Let's see your work first. We'll tell you where you went wrong.
e*E*X is the kinetic energy acquired. Make usre X is in meters.
Set the KE equal to (1/2)mV^2 and solve for V.
To find the final speed of the electron as it leaves the hole, we can use the concept of electric potential energy and conservation of energy.
Let's break down the steps:
1. Determine the initial potential energy:
The initial potential energy of the electron can be calculated using the equation:
U = q * ΔV
where U is the potential energy, q is the charge of the electron, and ΔV is the potential difference between the plates.
Since the electron has a charge of -e (where e is the elementary charge), we have:
U = (-e) * ΔV
Given that the potential difference between the plates is ΔV = E * d (where E is the electric field strength and d is the separation between the plates), we can substitute the values:
U = (-e) * (E * d)
2. Determine the change in kinetic energy:
As the electron moves from rest near the negative plate to the tiny hole in the positive plate, the change in kinetic energy is equal to the negative of the initial potential energy, i.e., ΔK = -U.

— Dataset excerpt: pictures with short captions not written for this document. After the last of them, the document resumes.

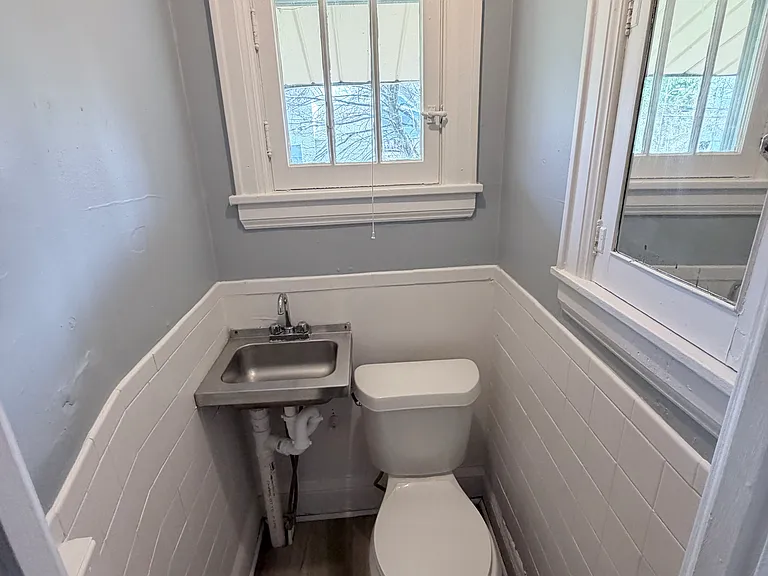 375 Grace Ave — Photo 10
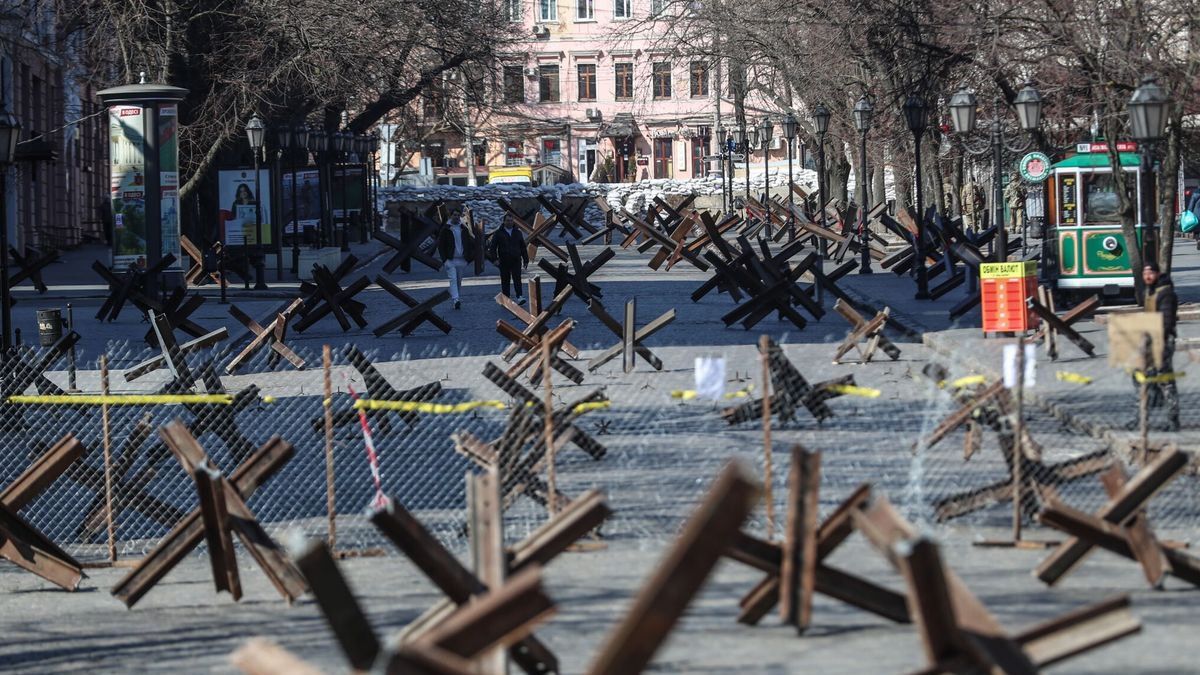 Los ucranianos defienden la ciudad portuaria de Odesa.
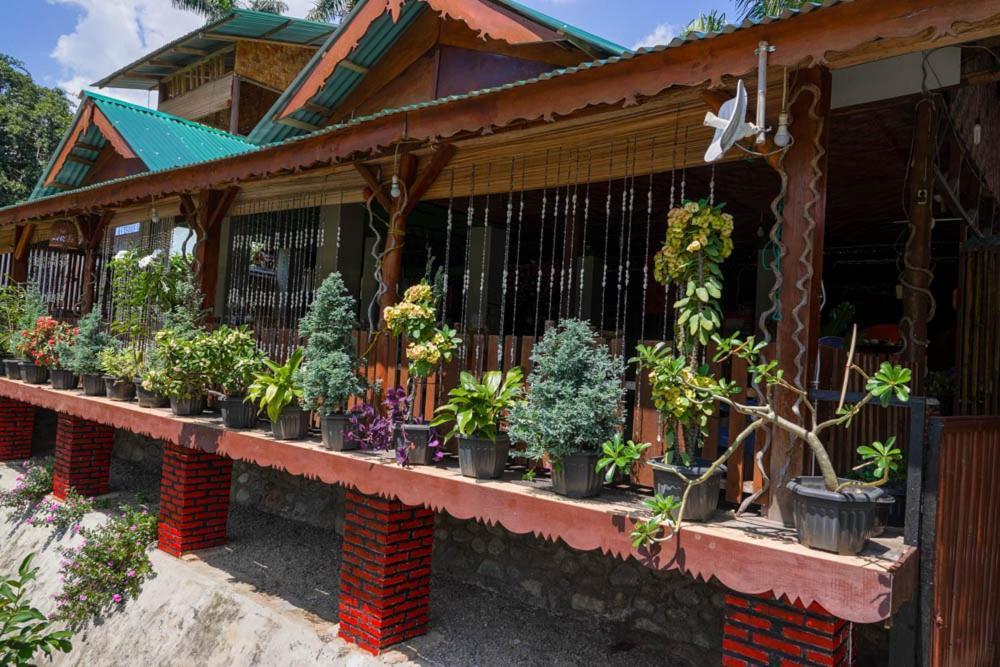 Brown Bamboo Guest House & Trekking Bukit Lawang Dış mekan fotoğraf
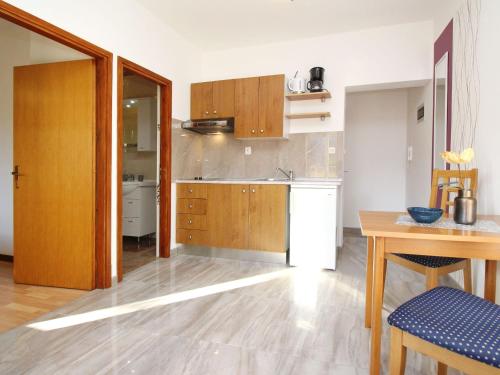 Apartment Appartement in Baška mit Eigenem Balkon by Interhome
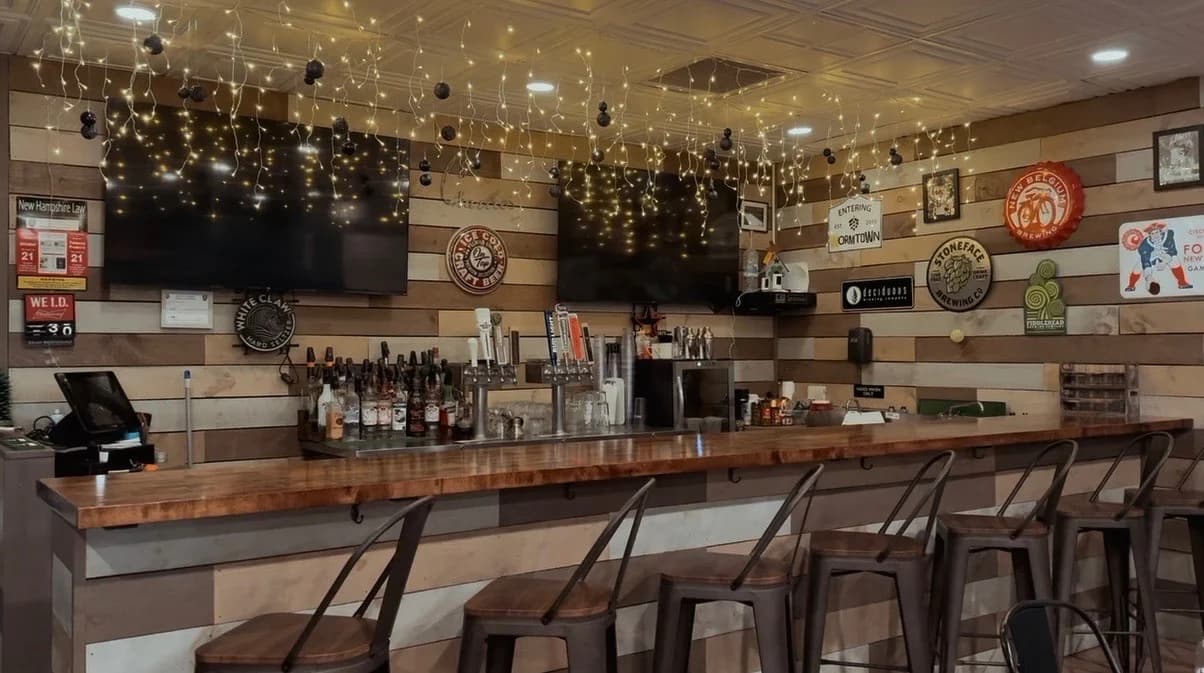 Charlie’s Italian Pizzeria and Restaurant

Since the initial kinetic energy is 0 (electron starts from rest),
ΔK = K_final - K_initial = -U
3. Determine the final kinetic energy:
The final kinetic energy can be calculated using the equation:
K_final = 0.5 * m * v^2
where m is the mass of the electron and v is its final velocity.
Substituting the values:
0.5 * m * v^2 = -U
4. Solve for the final velocity:
We can rearrange the equation to solve for the final velocity (v):
v = sqrt(-2U/m)
Substituting the value of U, we get:
v = sqrt(2 * e * E * d / m)
Now, substitute the given values:
m = 9.11e-31 kg
E = 2.00e4 N/C
d = 1.10 cm = 1.10e-2 m
e = 1.60e-19 C
Plug in these values into the equation and calculate the result to get the final speed of the electron as it leaves the hole.
Please note that the final speed obtained is the magnitude of the velocity vector. The direction of the velocity can be determined by the electric field direction and the positive/negative charge of the electron.